Home > Net >  Can I validate that nodes exist that edges in a graph point to with JSON SCHEMA?
Can I validate that nodes exist that edges in a graph point to with JSON SCHEMA?

Time:12-01

I want to describe a network graph of vertices and edges with JSON Schema.

An example JSON could look like this:

"V":["1","2","3"],
"E":[{
    "v1":"1",
    "v2":"2"
  },{
    "v1":"2",
    "v2":"3"
  }

I have a set of 3 vertices and 2 edges to connect them. I want all vertices to have an arbitrary string identifier, so it could also be "node1" or "panda". However, is there a way to validate that the endpoints of my edges only point to existing vertices?

I.e.: Should NOT pass:

"V":["n1","n2","n3"],
"E":[{
    "v1":"n1",
    "v2":"IdThatDoesNotExistAbove"
  }

I looked at ENUMs, however, I struggle to have them point at data from a JSON that I want to validate rather than to the specification itself.

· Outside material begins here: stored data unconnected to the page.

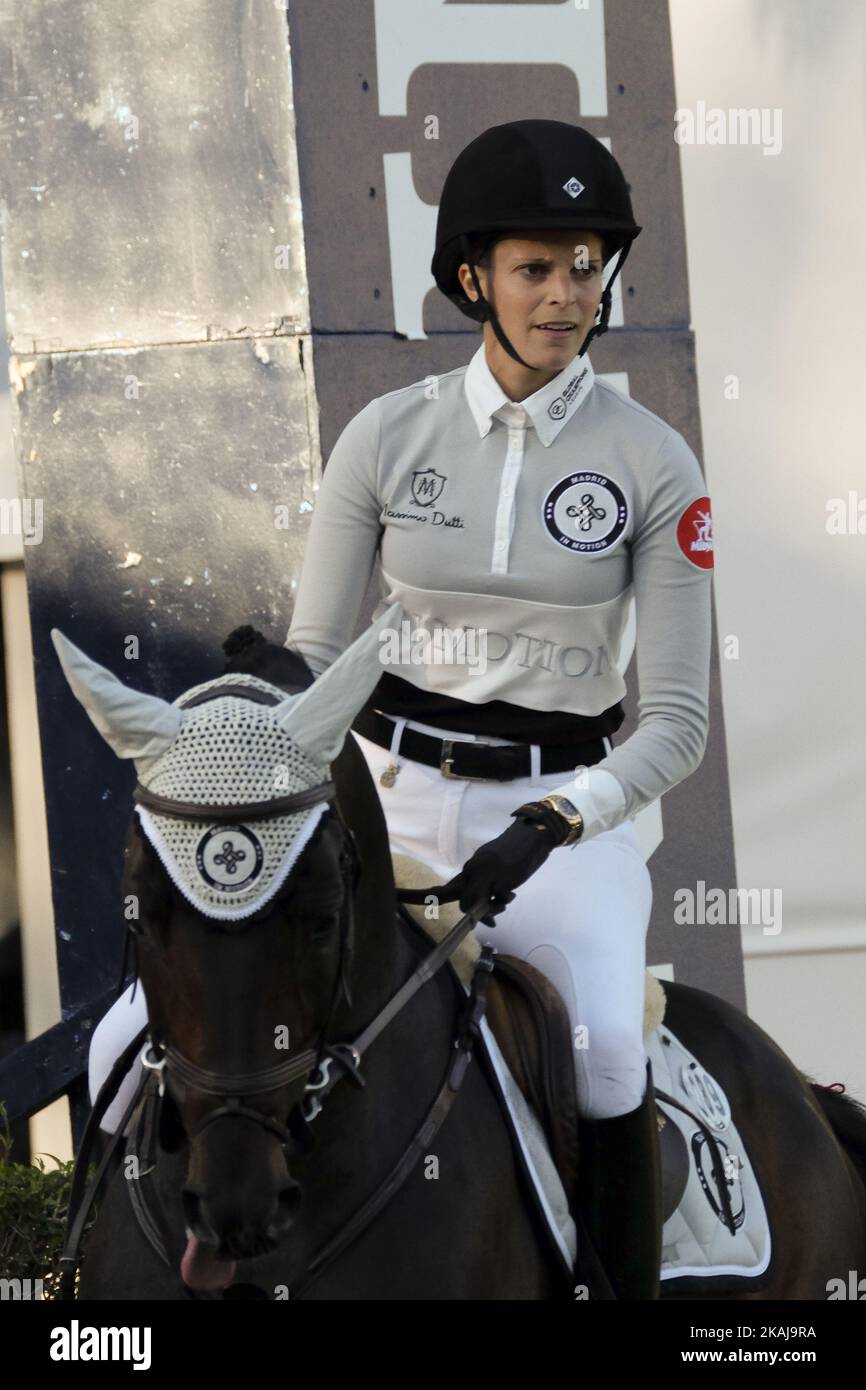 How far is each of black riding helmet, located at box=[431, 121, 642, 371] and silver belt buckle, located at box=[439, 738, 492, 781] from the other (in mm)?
694

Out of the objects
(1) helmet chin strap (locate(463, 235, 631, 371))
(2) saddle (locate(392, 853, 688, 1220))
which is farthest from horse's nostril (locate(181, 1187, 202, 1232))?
(1) helmet chin strap (locate(463, 235, 631, 371))

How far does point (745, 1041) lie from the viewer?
378 centimetres

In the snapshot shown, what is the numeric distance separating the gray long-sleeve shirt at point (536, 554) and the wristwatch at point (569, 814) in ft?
0.70

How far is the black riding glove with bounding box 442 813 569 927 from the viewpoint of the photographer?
107 inches

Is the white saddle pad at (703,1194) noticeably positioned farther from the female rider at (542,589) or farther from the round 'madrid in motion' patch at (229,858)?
the round 'madrid in motion' patch at (229,858)

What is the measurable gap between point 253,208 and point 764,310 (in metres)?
1.84

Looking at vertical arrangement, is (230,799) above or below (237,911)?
above

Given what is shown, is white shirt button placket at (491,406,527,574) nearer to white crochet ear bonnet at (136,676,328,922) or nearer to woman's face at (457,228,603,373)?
woman's face at (457,228,603,373)

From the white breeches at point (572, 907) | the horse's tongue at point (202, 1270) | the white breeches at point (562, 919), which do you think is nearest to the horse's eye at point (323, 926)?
the horse's tongue at point (202, 1270)

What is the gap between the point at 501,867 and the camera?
2711 mm

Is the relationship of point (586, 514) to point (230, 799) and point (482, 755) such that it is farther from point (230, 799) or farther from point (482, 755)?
point (230, 799)

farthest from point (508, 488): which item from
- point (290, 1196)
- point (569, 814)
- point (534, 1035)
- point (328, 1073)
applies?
point (290, 1196)

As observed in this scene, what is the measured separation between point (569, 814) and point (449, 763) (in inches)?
15.2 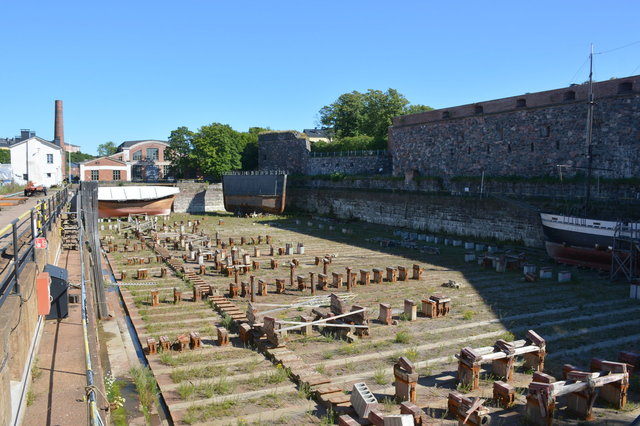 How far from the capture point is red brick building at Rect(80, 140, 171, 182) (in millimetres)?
60906

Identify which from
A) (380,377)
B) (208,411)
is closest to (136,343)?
(208,411)

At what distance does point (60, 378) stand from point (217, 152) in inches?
1968

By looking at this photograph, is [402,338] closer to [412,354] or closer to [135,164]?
[412,354]

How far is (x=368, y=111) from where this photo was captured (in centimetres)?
5500

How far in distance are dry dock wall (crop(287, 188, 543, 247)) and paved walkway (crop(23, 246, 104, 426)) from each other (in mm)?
20500

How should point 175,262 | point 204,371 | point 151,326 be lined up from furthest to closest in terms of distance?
point 175,262 → point 151,326 → point 204,371

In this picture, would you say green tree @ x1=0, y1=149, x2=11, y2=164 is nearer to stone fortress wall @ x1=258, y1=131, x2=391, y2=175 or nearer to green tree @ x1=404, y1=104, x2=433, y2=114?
stone fortress wall @ x1=258, y1=131, x2=391, y2=175

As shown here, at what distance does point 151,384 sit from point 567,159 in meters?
23.4

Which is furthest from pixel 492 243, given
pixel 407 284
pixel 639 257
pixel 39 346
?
pixel 39 346

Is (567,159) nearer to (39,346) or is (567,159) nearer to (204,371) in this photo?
(204,371)

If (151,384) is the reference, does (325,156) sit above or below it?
above

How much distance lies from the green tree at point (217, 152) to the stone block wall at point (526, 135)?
2343 cm

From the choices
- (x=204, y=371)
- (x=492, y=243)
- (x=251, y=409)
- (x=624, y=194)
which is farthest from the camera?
(x=492, y=243)

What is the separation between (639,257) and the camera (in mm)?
15797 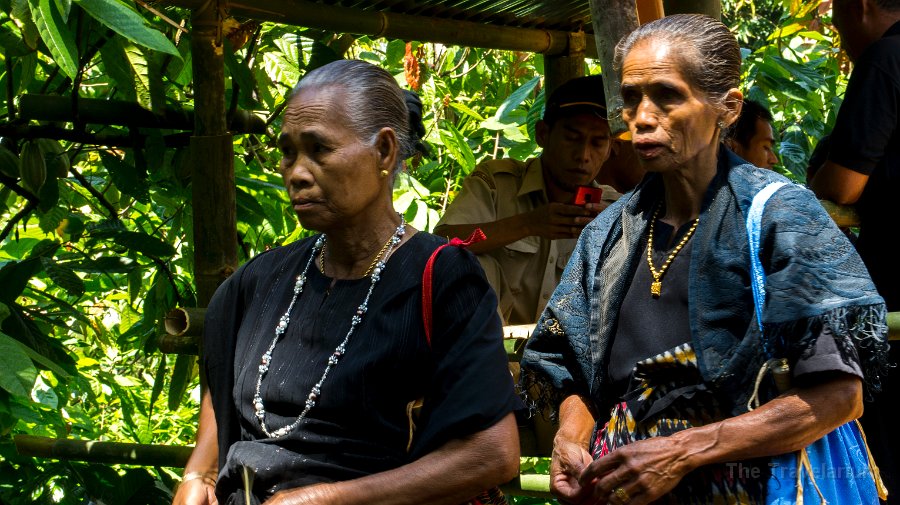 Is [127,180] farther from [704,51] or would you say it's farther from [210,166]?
[704,51]

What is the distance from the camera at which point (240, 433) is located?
94.7 inches

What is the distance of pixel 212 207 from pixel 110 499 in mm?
1166

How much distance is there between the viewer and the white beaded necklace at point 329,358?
222cm

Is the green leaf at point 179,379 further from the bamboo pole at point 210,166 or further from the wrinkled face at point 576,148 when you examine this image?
the wrinkled face at point 576,148

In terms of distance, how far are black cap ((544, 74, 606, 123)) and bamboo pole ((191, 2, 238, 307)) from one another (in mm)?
1061

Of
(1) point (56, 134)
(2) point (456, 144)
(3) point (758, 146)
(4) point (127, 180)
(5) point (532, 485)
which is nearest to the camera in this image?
(5) point (532, 485)

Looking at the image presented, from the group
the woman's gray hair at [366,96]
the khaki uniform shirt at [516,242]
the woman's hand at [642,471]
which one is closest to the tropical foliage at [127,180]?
the khaki uniform shirt at [516,242]

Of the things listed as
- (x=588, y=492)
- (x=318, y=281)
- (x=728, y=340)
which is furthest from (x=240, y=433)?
(x=728, y=340)

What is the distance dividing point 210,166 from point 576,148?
1165 millimetres

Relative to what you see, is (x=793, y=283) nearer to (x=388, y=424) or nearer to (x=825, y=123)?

CodePudding user response:

With jq this task can be solved.

jq -r '([.E[] | to_entries[].value] | unique) - .V |
       if length == 0
       then "all vertices defined"
       else "undefined vertices: \(.)\n" | halt_error(1)
       end
' "$FILE"
echo "exit code: $?"

Output valid file

all vertices defined
exit code: 0

Output invalid file

undefined vertices: ["IdThatDoesNotExistAbove"]
exit code: 1

If you are not interested which vertices are undefined you can use a shorter version

jq -e '([.E[] | to_entries[].value]) - .V | length == 0' "$FILE"
echo "exit code: $?"

Output valid file

true
exit code: 0

Output invalid file

false
exit code: 1

CodePudding user response:

JSON Schema doesn't define a way to reference data like this, but it does have extension vocabularies, which allow the definition of custom keywords. I have created a data vocabulary that does precisely what you're looking to do.

{
    "$schema": "https://json-everything.net/meta/data-2022",
    "type": "object",
    "$defs": {
        "user-defined-vertex": {
            "data": {
                "enum": "/V"
            }
        }
    },
    "properties": {
        "V": {
            "type": "array",
            "items": {"type": "string"}
        },
        "E": {
            "type": "array",
            "items": {
                "type": "object",
                "properties":{
                    "v1": { "$ref": "#/$defs/user-defined-vertex" },
                    "v2": { "$ref": "#/$defs/user-defined-vertex" }
                },
                "required": ["v1", "v2"],
                "additionalProperties": false
            }
        }
    },
    "additionalProperties": false
}

The key part of this is the data keyword in #/$defs.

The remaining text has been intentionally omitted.